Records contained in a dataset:
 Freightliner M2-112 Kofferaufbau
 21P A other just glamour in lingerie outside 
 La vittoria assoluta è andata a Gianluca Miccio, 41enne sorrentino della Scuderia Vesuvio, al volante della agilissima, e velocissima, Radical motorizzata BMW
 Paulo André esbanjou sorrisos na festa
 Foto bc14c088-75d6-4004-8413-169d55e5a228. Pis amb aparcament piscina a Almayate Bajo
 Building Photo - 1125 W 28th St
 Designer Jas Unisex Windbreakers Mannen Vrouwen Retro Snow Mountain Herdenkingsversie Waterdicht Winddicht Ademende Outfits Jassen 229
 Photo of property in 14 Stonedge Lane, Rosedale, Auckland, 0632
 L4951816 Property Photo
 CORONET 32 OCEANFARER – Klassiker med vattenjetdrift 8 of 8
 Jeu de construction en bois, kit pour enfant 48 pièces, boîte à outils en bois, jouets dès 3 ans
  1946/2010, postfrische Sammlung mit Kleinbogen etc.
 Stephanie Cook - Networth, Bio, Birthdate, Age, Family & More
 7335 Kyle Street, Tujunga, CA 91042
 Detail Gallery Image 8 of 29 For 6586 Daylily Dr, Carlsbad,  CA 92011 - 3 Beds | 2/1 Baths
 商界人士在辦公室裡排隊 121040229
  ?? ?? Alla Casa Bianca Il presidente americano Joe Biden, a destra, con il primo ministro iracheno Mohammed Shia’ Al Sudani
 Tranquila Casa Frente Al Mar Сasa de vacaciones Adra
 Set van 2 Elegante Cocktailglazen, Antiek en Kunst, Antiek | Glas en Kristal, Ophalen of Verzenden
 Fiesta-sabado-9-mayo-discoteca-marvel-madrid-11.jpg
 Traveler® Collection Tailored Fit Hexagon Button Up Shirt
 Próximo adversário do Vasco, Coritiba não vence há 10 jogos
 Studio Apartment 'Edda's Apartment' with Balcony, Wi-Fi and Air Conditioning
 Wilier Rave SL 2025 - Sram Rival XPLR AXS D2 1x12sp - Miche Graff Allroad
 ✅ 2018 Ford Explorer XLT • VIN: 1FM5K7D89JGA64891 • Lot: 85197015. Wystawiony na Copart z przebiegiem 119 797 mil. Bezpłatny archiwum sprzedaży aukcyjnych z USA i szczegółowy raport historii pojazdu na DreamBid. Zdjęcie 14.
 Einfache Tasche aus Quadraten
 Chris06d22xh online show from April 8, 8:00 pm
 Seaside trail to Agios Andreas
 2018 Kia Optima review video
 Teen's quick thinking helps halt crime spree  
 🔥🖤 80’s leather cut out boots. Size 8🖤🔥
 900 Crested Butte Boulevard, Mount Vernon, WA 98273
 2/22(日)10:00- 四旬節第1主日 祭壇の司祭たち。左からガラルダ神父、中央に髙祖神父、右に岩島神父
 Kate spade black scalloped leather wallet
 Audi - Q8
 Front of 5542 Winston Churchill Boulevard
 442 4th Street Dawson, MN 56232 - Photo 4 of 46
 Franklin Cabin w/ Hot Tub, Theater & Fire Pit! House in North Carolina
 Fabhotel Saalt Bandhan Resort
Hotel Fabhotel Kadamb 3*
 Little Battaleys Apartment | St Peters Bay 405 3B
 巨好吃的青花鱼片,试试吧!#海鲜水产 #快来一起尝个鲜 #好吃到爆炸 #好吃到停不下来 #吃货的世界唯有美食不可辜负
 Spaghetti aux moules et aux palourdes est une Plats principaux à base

REQUIRED WORK:
None of the lines before the one containing "Shia’ Al Sudani" belong in the answer; reproduce that line and all later lines of the records exactly.

ANSWER SPACE:
  ?? ?? Alla Casa Bianca Il presidente americano Joe Biden, a destra, con il primo ministro iracheno Mohammed Shia’ Al Sudani
 Tranquila Casa Frente Al Mar Сasa de vacaciones Adra
 Set van 2 Elegante Cocktailglazen, Antiek en Kunst, Antiek | Glas en Kristal, Ophalen of Verzenden
 Fiesta-sabado-9-mayo-discoteca-marvel-madrid-11.jpg
 Traveler® Collection Tailored Fit Hexagon Button Up Shirt
 Próximo adversário do Vasco, Coritiba não vence há 10 jogos
 Studio Apartment 'Edda's Apartment' with Balcony, Wi-Fi and Air Conditioning
 Wilier Rave SL 2025 - Sram Rival XPLR AXS D2 1x12sp - Miche Graff Allroad
 ✅ 2018 Ford Explorer XLT • VIN: 1FM5K7D89JGA64891 • Lot: 85197015. Wystawiony na Copart z przebiegiem 119 797 mil. Bezpłatny archiwum sprzedaży aukcyjnych z USA i szczegółowy raport historii pojazdu na DreamBid. Zdjęcie 14.
 Einfache Tasche aus Quadraten
 Chris06d22xh online show from April 8, 8:00 pm
 Seaside trail to Agios Andreas
 2018 Kia Optima review video
 Teen's quick thinking helps halt crime spree  
 🔥🖤 80’s leather cut out boots. Size 8🖤🔥
 900 Crested Butte Boulevard, Mount Vernon, WA 98273
 2/22(日)10:00- 四旬節第1主日 祭壇の司祭たち。左からガラルダ神父、中央に髙祖神父、右に岩島神父
 Kate spade black scalloped leather wallet
 Audi - Q8
 Front of 5542 Winston Churchill Boulevard
 442 4th Street Dawson, MN 56232 - Photo 4 of 46
 Franklin Cabin w/ Hot Tub, Theater & Fire Pit! House in North Carolina
 Fabhotel Saalt Bandhan Resort
Hotel Fabhotel Kadamb 3*
 Little Battaleys Apartment | St Peters Bay 405 3B
 巨好吃的青花鱼片,试试吧!#海鲜水产 #快来一起尝个鲜 #好吃到爆炸 #好吃到停不下来 #吃货的世界唯有美食不可辜负
 Spaghetti aux moules et aux palourdes est une Plats principaux à base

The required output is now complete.